She has X days to save our marriage. I don't think that's going to happen but it's all in her hands. I can do nothing more nor do i wish to.


----------



## tacoma (May 1, 2011)

JJDynomo said:


> We have a counselor appointment next week.
> 
> 1) I will ask her to end this friendship and emotional affair
> 2) I will start the divorce process
> 3) I will continue counselling with her until divorce is finalized


I see no point in this in fact I see it as counter productive.

Why go to counseling with someone you`re divorcing?

She`s not going to buy the whole "divorce thing" while y`all are in counseling to save the marriage.

Does that even make sense to you?

Cancel the counseling sessions and have her served.
Work the 180.
Hell, go dark if you can.

Get some respect back.


----------



## hurtinme (Feb 16, 2012)

My friend it is all well and good people here saying sh** like man up, get some balls etc it really doesnt help. Uou have emotiomal ties and a long investment in this relationship and although i feel you are far too good a person for her just take a bit of time before diving in with ultimatums . I am currently on seperation cos i asked my wife to leave as she was spending too much time with her friends but we have been through so much over the last couple of years her family bereavements that she needed more in her life. She said there was no other man involved and i believe her but she put her friends above and before me and my feelings. I miss her a lot well i miss the old her a lot and the pain is so grest it stops me functioning at times.
Just weigh everything up in great depth and decide whats best for you and i mean great depth. You know i really believe that nice people get ****ed over but the alternative is to become selfish and mean so am going to try and stay nice and do the RIGHT things at least then i will have no guilt later in life. I wish you all the luck no matter what you decide to do you deserve it.
_Posted via Mobile Device_


----------



## JJDynomo (Feb 18, 2012)

hurtinme said:


> You know i really believe that nice people get ****ed over but the alternative is to become selfish and mean so am going to try and stay nice and do the RIGHT things at least then i will have no guilt later in life. I wish you all the luck no matter what you decide to do you deserve it.
> _Posted via Mobile Device_


Nice guys always win and I agree with you about feelings of who you are later in life. One less thing to worry about (ie your integrity, compassion and respect for people). As my father told me, 2 wrongs don't make a right.


----------



## gonefishin (Oct 7, 2011)

Conrad said:


> The affair must be crushed first.
> 
> You won't "win" anything by playing a doormat.

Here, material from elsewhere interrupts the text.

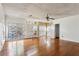 Living room with hardwood floors and natural light through large windows at 1310 Loch Lomond Sw Trl, Atlanta, GA 30331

Perfectly said!! Trail separation? She is having an EA with an ex boyfriend? What is this BS? She gets to have a time out from being a parent and wife? So, if things do not work out with the ex boyfriend, you will be waiting for her with open arms?

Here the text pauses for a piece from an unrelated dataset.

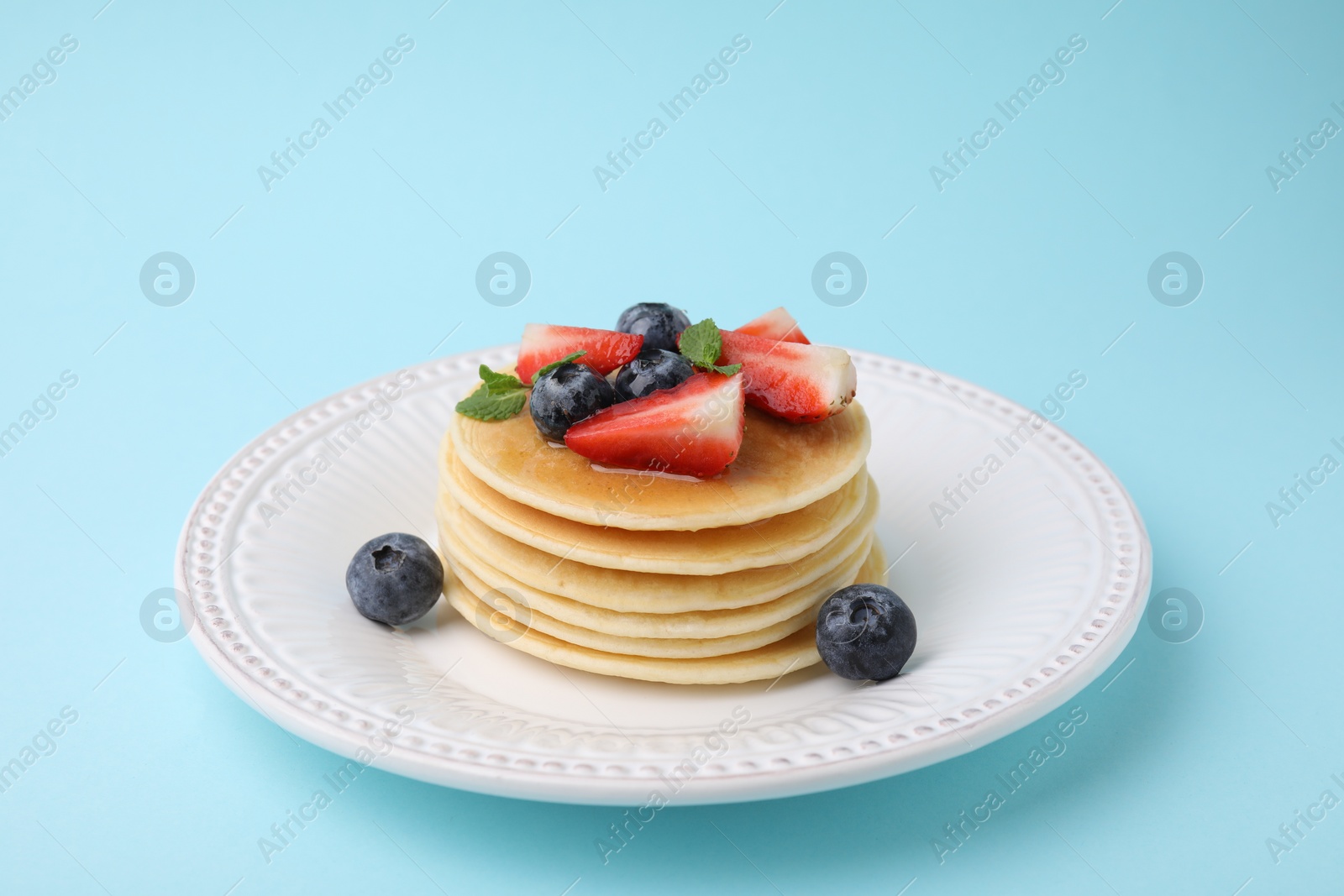 Photo of Delicious pancakes with strawberries, blueberries and mint on light blue background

Only you have the answers, but if I was in your shoes once she leaves on "the trial separation" the locks would be changed and divorce papers would be served. She is having an affair with an ex boyfriend. Do not show all your cards in the MC's office. Second, do not make threats. Let her seal her own fate. If you make a threat and she breaks she will just resent you for it down the road.


----------